April 30, 2009
Former Yahoo CEO Yang Receives Customary $1 Salary For 2008
Former CEO and co-founder of Yahoo Jerry Yang's 2008 compensation package was limited to his customary $1 salary during his final year as chief executive of the company, The Associated Press reported.
Yang stepped down as CEO in January after he rebuffed Microsoft Corp.'s $47.5 billion bid to buy the Internet company.
Yahoo filed a proxy statement disclosing the pay of Yang and its other top executives on Wednesday.
The Sunnyvale, Calif.-based company's new leader, Carol Bartz, is trying to end a three-year slump that has devastated Yahoo's stock price.
Additionally, Yahoo President Susan Decker left the company rather than work for the woman who beat her out for the top job. Also planning to leave is Yahoo's chief financial officer Blake Jorgensen, who will exit the company as soon as Bartz can find his replacement.
However, Bartz is carrying out her plan to lay off nearly 700 people, or about 5 percent of Yahoo's work force in the near future.
The 40-year old Yang has become wealthy from Yahoo's stock since he started the Web site in 1994 with fellow Stanford University graduate student David Filo.
But Yang suffered huge losses on paper last year as Yahoo shares lost nearly half their value. The plunge left Yang's 3.9 percent stake worth about $600 million less at the end of last year.
Executive pay based on salary, bonuses, incentives, perquisites, above-market returns on deferred compensation and the value of stock options and other awards granted during the year have been calculated by The Associated Press.

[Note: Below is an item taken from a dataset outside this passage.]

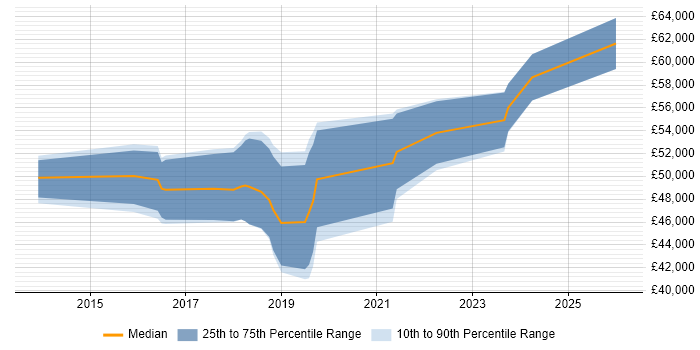 Salary distribution trend for jobs in Buckinghamshire citing SpecFlow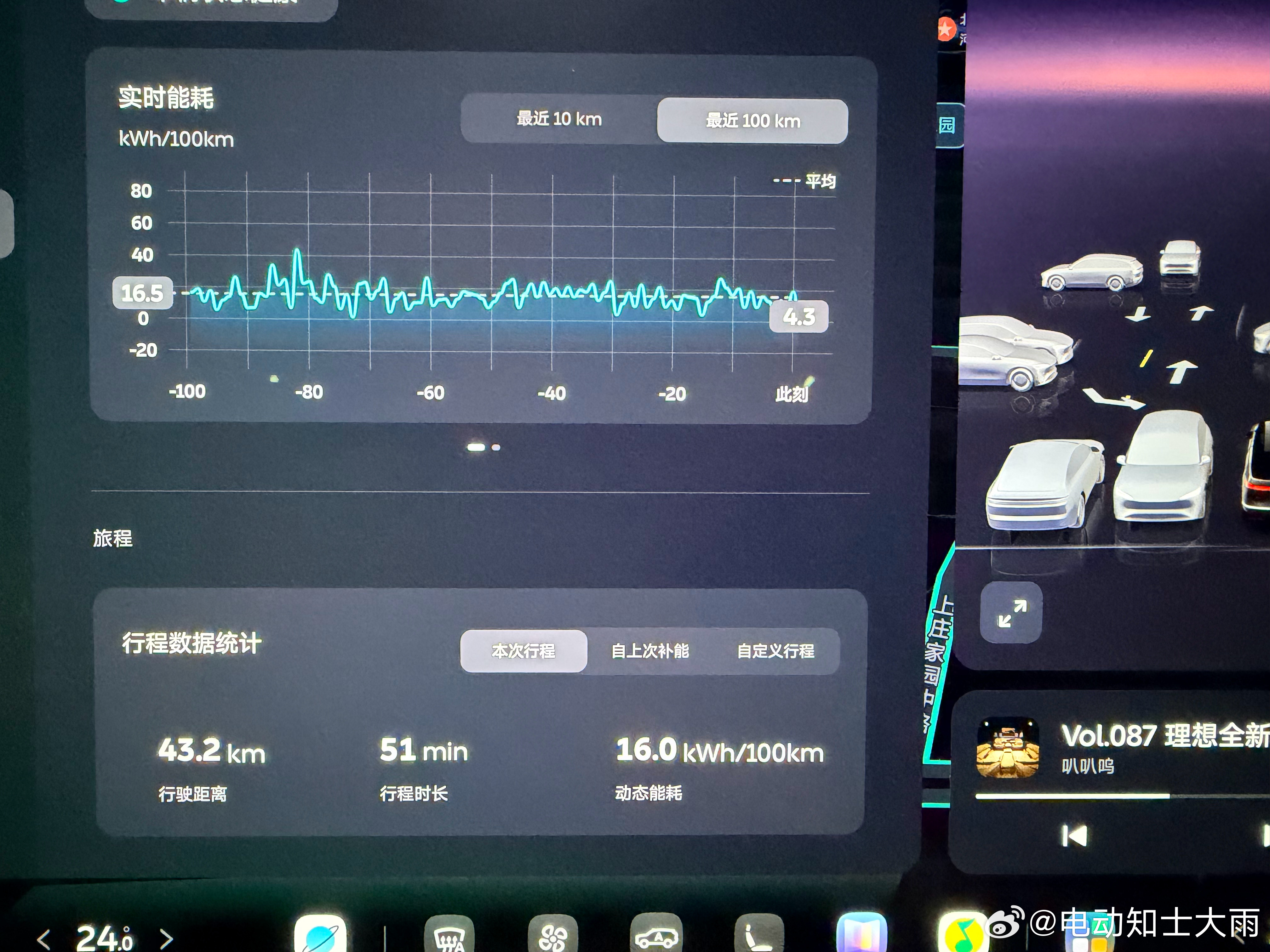 很少晒ES8能耗，今晚从机场到家，全程高速+快速路。三代ES8的能耗也就是16个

The former CEO never received more than a $1 salary last year. He wasn't the only Silicon Valley leader to settle for a buck last year, following the example of other Internet innovators such as Apple's CEO Steve Jobs and Google's co-founders Larry Page and Sergey Brin, who also worked for $1 in 2008.
Bartz, however, is starting off with a $1 million salary and already has been guaranteed another $10 million in cash and stock this year to make up for the benefits and other awards she gave up at her former employer, Autodesk Inc.
The new CEO will also be eligible to receive several more million dollars in bonuses and stands to benefit from 5 million stock options granted to her during her hiring. Those stock options will be heavily valued in Yahoo's proxy statement next year.
Yahoo's annual meeting for its June 25 proxy statement this year is expected to be more lucrative than last year's affair when activist investor Carl Icahn led a shareholder uprising against Yang and the company's other board members.
Icahn and many other shareholders were outraged with the way Yang handled Microsoft's offer last May to buy Yahoo for $33 per share.
In response, Yang offered Icahn, who is one of 12 directors up for election in June, a seat on the company's board.
But given that Yahoo shares ended Wednesday at $14.02, there will likely remain some bitterness over the squandered opportunity to sell Yahoo to Microsoft.